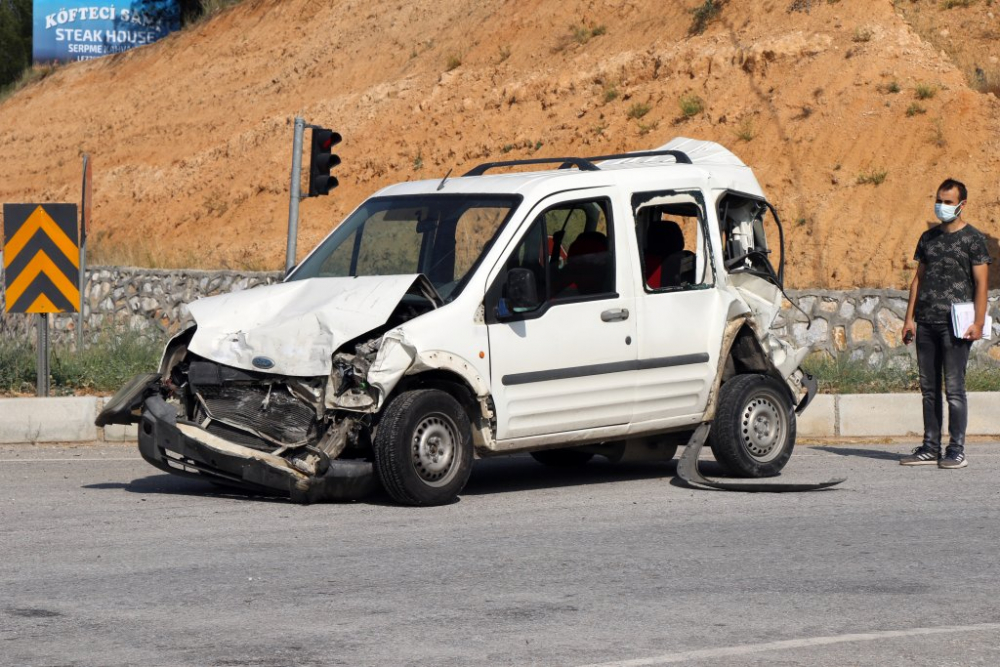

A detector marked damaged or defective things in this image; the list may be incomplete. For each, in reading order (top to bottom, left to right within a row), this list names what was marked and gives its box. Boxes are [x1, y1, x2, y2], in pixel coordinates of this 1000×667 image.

shattered windshield [290, 194, 520, 302]
bent hood [188, 276, 434, 378]
damaged bumper [137, 396, 376, 500]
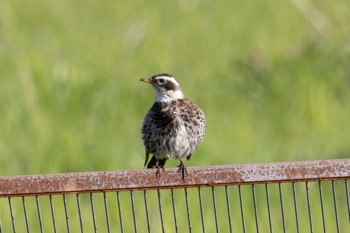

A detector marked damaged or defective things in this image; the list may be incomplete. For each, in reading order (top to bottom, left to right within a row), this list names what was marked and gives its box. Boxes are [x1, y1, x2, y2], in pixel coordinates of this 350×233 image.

rusted surface [0, 158, 348, 197]
rusty metal rail [0, 159, 348, 233]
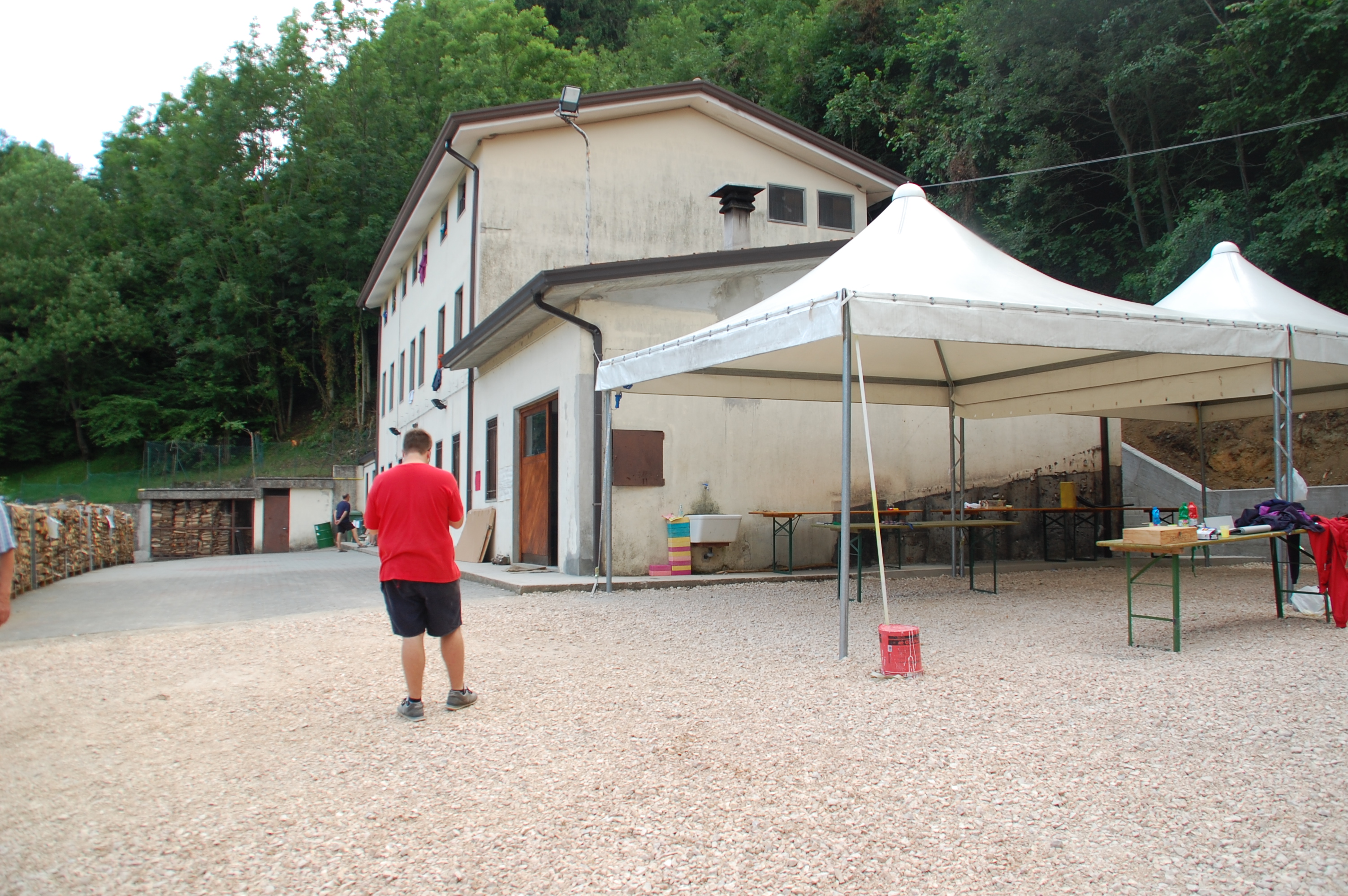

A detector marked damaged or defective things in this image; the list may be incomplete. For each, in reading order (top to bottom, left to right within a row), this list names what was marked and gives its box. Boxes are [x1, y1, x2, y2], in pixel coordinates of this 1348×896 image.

rusty metal panel on wall [612, 431, 663, 485]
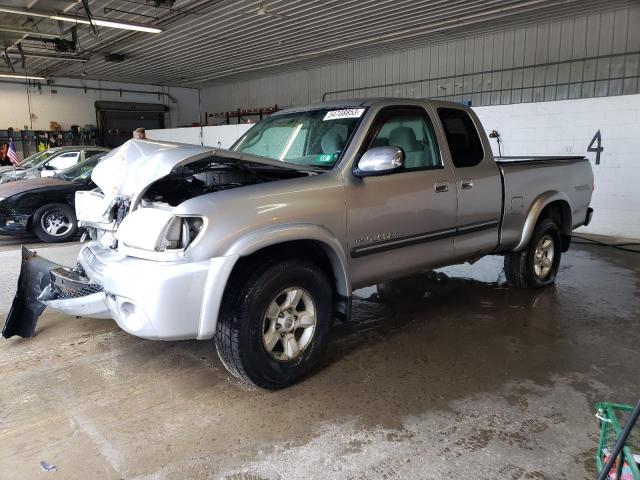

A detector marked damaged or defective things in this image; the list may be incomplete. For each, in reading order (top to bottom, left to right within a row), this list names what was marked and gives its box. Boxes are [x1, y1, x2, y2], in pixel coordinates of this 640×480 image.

crumpled hood [0, 177, 70, 198]
broken headlight [116, 210, 204, 255]
damaged front fender [1, 246, 110, 340]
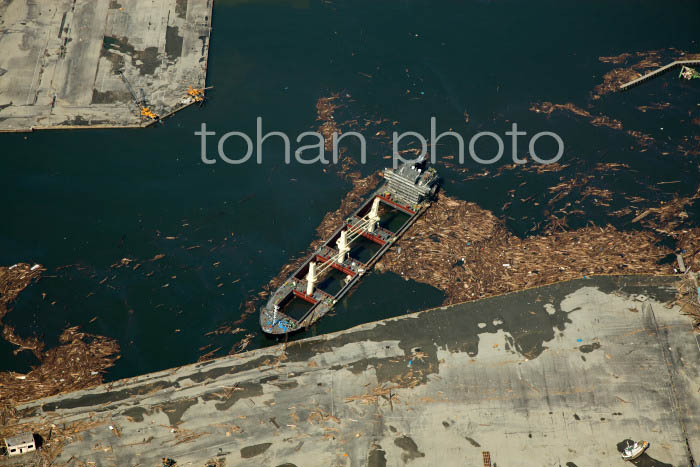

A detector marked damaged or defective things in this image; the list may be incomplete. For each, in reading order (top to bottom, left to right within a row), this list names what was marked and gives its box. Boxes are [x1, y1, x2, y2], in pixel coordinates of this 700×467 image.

damaged dock [0, 0, 212, 132]
damaged dock [2, 276, 696, 466]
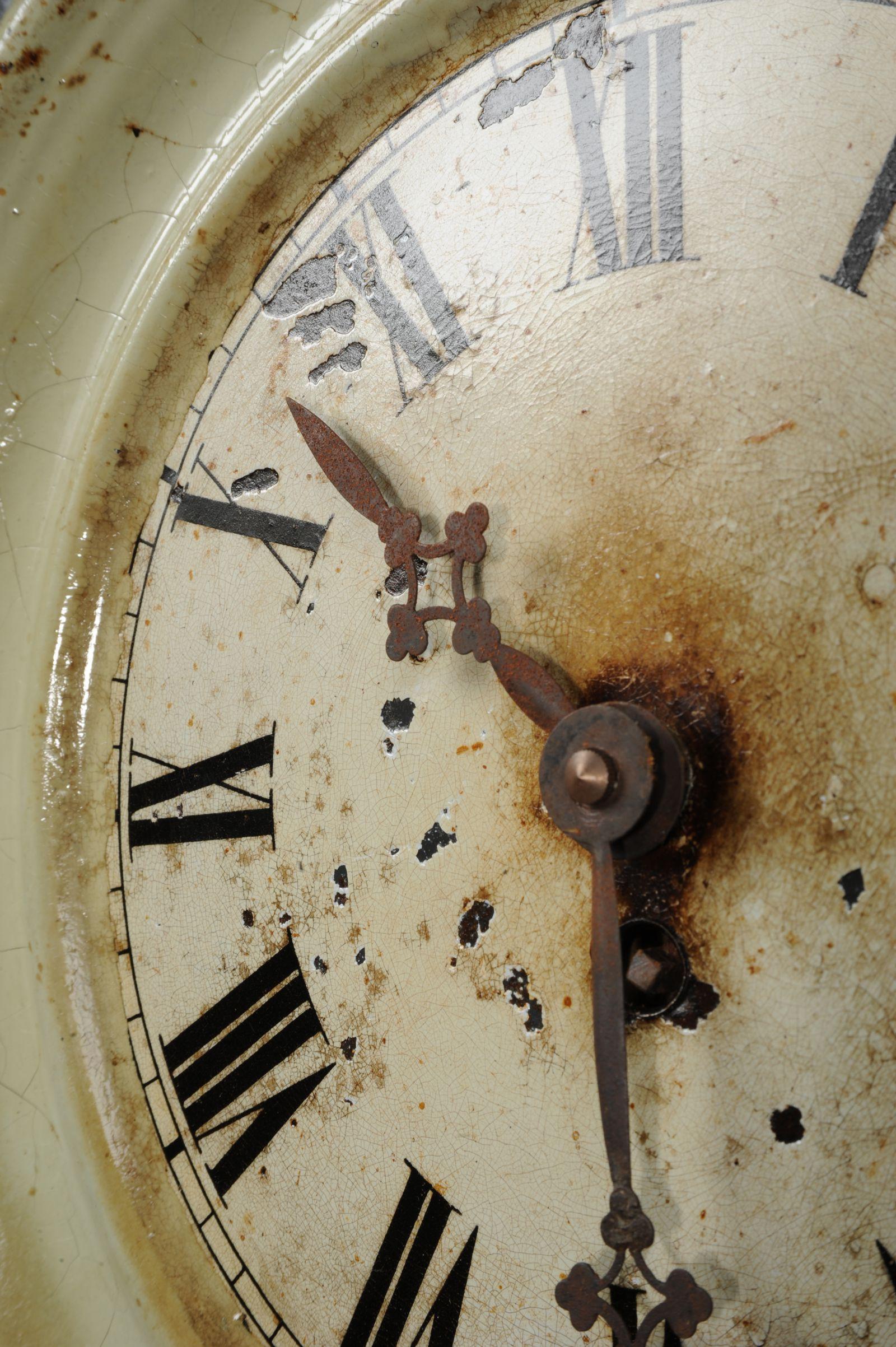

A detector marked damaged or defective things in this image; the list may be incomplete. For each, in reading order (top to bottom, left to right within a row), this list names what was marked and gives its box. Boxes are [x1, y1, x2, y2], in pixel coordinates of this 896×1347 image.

rusty hour hand [287, 396, 573, 733]
rusty minute hand [290, 396, 576, 738]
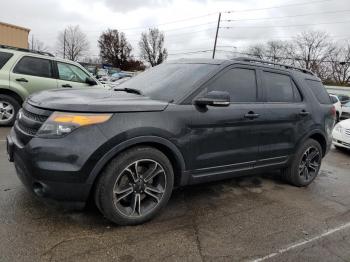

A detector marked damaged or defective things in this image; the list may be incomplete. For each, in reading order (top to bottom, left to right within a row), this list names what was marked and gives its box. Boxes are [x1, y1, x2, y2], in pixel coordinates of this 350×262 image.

cracked pavement [0, 126, 350, 260]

__________________________________________________

What is required: The lines from the one containing "this 700×467 image." through the last line of the entries are to be copied exactly, both ends included, and the pictures are to be omitted.

Written answer:
A detector marked damaged or defective things in this image; the list may be incomplete. For each, in reading order (top to bottom, left to right within a row), this list names what was marked and gives its box. Boxes are [x1, y1, x2, y2], in pixel coordinates of this 700×467 image.

damaged dock [0, 0, 212, 132]
damaged dock [2, 276, 696, 466]

A detector marked damaged or defective things in this image; the list may be incomplete. For each, in reading order (top to bottom, left to right within a row), this list names what was marked and gives its box. Boxes are [x1, y1, x2, y2], in pixel coordinates of this 896×1347 image.

rusty hour hand [287, 396, 573, 733]
rusty minute hand [290, 396, 576, 738]

A detector marked damaged or defective things in this image; the list may be incomplete. For each, in reading order (top to bottom, left to right within a row), this list names what was marked and gives its box. Boxes are [x1, y1, x2, y2], in pixel coordinates of this 350×262 image.

cracked pavement [0, 126, 350, 260]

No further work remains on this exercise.